A CLAS Collaboration Proposal to PAC47 Search for a φ−N Bound State from φ Production in a Nuclear Medium

In light of recent experimental results of the hidden charm pentaquark candidates at LHCb, a renewed interest is invoked for other multi-quark states also. The QCD van de Waals interaction, mediated by multi-gluon exchanges, is expected to dominate the interaction between two hadrons when they have no common quarks, which led to the prediction that a bound state between a J/ψ and a light nucleus can exist. It has also been suggested by theoretical studies that a φ-meson and a nucleon may form a bound state. Studies also suggest that such a bound state can be produced via two steps: first the production of a φ-meson from a nucleon near the threshold or below the threshold in a nuclear target, and then the φ-meson interacts with another nucleon inside the nucleus to form the bound state.
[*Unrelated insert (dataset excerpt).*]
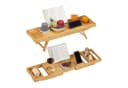 RELAXDAYS Badewannenablage & Serviertablett 2in1 Bambus Bild 2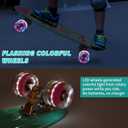 Skateboards, 22" Complete Skateboard, Mini Cruiser Skateboard for Kids Boys Girls Teens Beginners with Colorful Flashing Wheels Skate Tool, Kids Children's Day Gift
Since the φ−N bound state can be viewed as a hidden strange pentaquark state, a comparison with the hidden charm pentaquark candidates could help unveil the flavor dependent effect in hadron physics. We propose to perform a measurement of quasi-real photo-production from a nuclear target to search for a φ−N bound state with a predicted mass value near 1950 MeV and a total decay width of 4 MeV. Because the probability of the formation of the bound state is enhanced at a low relative velocity between the φ-meson and the nucleon, we propose to search for this bound state through the suband near-threshold φ-production on a gold target in Hall B at JLab. The scattered electrons would be detected by the forward tagger, and the proton, K+, and K− in the final state would be detected by the ALERT detector and the CLAS12 forward detector to reconstruct the bound state. The total beam time requested is 45 days for this experiment. The proposed experiment will be a pioneer to explore the strange multi-quark final states in the JLab 12 GeV era and lead a new way of studying hadron physics and non-perturbative QCD through searches of exotic QCD states.